(Caption-style text data)
%%

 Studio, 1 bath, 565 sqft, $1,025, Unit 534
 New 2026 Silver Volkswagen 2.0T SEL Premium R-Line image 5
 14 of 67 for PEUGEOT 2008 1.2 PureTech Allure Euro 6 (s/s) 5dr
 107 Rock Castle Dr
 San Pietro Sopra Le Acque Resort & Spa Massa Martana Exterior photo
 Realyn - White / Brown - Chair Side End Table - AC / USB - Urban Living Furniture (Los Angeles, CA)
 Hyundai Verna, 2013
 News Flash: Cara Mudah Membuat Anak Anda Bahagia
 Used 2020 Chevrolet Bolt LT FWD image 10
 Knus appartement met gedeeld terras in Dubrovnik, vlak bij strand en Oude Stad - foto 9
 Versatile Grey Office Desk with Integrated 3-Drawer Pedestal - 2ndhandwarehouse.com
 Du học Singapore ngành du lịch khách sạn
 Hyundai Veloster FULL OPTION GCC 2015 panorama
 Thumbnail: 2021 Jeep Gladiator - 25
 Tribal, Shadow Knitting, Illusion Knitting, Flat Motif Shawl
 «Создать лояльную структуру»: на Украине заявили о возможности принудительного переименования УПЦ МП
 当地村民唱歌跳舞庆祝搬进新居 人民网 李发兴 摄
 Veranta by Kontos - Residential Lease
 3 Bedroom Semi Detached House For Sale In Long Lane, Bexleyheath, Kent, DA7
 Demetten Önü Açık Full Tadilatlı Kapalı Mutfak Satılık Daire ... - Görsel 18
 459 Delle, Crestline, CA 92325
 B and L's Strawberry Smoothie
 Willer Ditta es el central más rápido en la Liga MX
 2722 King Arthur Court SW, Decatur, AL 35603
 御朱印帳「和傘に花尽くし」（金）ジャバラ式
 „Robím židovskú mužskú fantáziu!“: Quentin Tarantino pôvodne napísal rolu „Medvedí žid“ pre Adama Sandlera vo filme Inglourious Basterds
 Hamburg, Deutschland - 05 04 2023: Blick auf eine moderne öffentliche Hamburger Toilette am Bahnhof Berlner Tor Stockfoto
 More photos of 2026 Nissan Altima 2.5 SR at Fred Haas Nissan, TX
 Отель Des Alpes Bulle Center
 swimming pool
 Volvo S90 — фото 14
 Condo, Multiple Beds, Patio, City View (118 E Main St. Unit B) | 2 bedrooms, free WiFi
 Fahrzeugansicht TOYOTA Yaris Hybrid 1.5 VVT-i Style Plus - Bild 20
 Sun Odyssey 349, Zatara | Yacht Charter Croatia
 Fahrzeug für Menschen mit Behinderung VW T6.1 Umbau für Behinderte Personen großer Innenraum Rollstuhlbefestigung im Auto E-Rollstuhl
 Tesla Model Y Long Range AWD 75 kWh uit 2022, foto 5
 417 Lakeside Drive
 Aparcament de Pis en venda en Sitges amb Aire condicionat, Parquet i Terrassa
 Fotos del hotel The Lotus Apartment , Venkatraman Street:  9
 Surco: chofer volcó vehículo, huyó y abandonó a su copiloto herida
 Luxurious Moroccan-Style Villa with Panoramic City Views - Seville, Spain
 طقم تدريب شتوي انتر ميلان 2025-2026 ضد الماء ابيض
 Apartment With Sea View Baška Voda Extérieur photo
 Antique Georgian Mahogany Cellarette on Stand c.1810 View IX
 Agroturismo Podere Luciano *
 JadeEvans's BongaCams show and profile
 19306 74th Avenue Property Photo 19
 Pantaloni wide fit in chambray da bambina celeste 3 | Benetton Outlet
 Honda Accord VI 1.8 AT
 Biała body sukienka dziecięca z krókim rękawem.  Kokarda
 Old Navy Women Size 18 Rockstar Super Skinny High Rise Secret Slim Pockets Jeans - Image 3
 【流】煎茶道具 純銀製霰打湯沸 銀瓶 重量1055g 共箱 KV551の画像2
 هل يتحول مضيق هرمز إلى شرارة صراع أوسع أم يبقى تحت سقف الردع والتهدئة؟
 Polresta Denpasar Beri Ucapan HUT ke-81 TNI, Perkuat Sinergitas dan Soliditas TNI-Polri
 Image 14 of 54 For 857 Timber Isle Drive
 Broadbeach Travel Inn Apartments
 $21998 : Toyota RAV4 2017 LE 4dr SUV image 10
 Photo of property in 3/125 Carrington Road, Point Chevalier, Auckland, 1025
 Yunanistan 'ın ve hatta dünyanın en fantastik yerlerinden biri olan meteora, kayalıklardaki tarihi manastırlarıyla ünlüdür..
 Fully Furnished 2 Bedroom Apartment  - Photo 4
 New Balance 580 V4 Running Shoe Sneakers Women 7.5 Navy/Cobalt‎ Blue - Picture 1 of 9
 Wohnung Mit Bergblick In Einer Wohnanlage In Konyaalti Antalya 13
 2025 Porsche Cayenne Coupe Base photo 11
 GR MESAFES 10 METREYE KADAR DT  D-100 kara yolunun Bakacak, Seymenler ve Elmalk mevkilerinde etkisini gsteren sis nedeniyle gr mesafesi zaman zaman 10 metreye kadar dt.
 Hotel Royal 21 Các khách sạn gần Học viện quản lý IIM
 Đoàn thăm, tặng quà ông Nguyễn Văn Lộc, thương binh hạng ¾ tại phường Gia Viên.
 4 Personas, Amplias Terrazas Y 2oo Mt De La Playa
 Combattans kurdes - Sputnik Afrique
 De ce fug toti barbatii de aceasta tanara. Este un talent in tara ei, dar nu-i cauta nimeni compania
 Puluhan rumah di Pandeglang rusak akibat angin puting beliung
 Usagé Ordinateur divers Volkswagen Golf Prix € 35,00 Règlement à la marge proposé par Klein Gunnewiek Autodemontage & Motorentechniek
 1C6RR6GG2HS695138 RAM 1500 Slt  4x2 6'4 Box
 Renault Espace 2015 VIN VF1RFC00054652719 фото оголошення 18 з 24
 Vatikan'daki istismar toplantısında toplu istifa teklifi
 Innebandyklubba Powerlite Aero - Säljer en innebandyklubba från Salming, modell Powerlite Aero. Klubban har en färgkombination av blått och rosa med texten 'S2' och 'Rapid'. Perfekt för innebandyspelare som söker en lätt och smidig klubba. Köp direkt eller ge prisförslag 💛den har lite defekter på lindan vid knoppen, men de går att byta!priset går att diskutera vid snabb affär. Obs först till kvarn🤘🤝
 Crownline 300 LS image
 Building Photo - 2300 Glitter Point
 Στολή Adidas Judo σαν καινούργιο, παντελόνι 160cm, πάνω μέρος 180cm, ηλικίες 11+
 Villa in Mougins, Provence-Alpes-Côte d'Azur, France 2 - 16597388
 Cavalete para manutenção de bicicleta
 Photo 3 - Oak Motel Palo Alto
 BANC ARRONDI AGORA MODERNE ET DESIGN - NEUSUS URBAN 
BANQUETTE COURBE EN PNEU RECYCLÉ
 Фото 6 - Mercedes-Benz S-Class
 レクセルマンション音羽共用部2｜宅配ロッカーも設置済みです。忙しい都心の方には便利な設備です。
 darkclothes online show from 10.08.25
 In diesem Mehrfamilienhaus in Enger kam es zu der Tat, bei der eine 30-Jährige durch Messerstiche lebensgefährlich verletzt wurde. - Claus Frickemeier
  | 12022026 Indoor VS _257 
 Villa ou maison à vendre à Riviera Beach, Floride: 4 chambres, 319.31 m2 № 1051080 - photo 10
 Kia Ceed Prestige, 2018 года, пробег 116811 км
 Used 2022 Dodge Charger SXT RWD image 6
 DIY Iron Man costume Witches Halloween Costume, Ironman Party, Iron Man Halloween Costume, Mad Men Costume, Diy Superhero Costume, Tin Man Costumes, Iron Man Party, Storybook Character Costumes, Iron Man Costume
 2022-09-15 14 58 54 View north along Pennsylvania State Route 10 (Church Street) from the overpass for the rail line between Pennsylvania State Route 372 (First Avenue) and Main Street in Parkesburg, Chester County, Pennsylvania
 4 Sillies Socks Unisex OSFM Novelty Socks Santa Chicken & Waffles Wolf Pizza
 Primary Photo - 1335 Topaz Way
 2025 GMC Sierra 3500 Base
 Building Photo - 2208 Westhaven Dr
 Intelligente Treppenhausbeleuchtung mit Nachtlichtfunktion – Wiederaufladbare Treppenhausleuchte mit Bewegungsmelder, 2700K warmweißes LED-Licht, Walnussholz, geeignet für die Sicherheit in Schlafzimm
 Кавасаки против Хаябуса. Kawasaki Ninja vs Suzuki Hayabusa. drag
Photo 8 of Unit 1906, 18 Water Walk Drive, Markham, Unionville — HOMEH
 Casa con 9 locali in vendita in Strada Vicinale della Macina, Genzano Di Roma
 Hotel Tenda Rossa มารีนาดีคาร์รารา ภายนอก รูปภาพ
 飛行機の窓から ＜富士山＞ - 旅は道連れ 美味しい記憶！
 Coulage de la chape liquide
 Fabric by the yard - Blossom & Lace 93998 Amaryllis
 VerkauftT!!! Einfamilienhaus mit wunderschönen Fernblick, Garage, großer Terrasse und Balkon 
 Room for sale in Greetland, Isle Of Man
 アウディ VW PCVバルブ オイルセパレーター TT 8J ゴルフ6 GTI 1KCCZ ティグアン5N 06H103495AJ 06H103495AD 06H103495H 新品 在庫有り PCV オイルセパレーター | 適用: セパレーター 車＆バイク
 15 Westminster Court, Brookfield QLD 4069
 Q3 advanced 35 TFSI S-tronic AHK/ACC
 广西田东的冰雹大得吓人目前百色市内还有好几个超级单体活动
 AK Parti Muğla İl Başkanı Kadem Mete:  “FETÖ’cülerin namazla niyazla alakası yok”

%%

## TRY IT:
Restate the line containing "飛行機の窓から ＜富士山＞ - 旅は道連れ 美味しい記憶！" and every remaining line of the records word for word. Add nothing.

## RESULT FOR THIS EXERCISE:
 飛行機の窓から ＜富士山＞ - 旅は道連れ 美味しい記憶！
 Coulage de la chape liquide
 Fabric by the yard - Blossom & Lace 93998 Amaryllis
 VerkauftT!!! Einfamilienhaus mit wunderschönen Fernblick, Garage, großer Terrasse und Balkon 
 Room for sale in Greetland, Isle Of Man
 アウディ VW PCVバルブ オイルセパレーター TT 8J ゴルフ6 GTI 1KCCZ ティグアン5N 06H103495AJ 06H103495AD 06H103495H 新品 在庫有り PCV オイルセパレーター | 適用: セパレーター 車＆バイク
 15 Westminster Court, Brookfield QLD 4069
 Q3 advanced 35 TFSI S-tronic AHK/ACC
 广西田东的冰雹大得吓人目前百色市内还有好几个超级单体活动
 AK Parti Muğla İl Başkanı Kadem Mete:  “FETÖ’cülerin namazla niyazla alakası yok”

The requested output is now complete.